The present investigation was a pilot study, and a larger scale investigation is under way in our group to confirm these pilot results. While many initial scans took place within the first week, many occurred several days after injury. The heterogeneity in the interval from injury to first scan may confound results, as it is possible that FLAIR lesions increase in conspicuity over time. In order to establish the utility of MRI as a biomarker in clinical trials, scans obtained within 24h of injury must be studied.
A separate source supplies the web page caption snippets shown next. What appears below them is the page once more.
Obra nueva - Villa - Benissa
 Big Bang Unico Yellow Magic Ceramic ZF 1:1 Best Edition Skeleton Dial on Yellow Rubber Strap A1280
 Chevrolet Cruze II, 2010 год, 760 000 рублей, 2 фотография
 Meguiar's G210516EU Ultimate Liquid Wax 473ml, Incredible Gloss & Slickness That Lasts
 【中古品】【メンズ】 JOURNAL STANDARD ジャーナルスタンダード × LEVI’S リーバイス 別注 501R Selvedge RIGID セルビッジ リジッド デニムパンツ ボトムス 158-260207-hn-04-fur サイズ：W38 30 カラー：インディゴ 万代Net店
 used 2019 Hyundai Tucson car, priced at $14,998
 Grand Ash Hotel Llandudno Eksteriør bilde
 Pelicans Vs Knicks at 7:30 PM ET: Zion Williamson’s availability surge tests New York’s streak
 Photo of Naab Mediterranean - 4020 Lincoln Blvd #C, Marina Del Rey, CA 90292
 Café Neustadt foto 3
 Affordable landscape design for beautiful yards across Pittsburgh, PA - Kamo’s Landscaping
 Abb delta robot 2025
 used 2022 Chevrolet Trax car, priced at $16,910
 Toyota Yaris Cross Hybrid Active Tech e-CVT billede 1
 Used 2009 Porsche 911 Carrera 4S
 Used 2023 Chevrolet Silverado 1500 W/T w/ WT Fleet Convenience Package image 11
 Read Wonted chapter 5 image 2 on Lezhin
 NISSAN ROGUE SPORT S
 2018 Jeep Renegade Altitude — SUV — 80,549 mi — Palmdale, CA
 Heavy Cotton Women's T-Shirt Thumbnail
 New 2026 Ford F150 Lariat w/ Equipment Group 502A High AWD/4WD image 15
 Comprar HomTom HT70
Furthermore, neuropathologic studies are needed to correlate the cellular and tissue abnormalities with lesions detected by MRI.
The present study provides in vivo evidence of pathological change of DAI after TBI. It demonstrates a strong association between post-traumatic cerebral atrophy and DAI. The strategy presented in this study could be a practical method to monitor the efficacy of DAI-directed therapies in future clinical trials.
The present study was supported by the U.S. Department of Education (grant NIDRR H133 A020526) and the National Institutes of Health (grants NIH R01 HD48179 and NIH U01 HD42652).
No competing financial interests exist.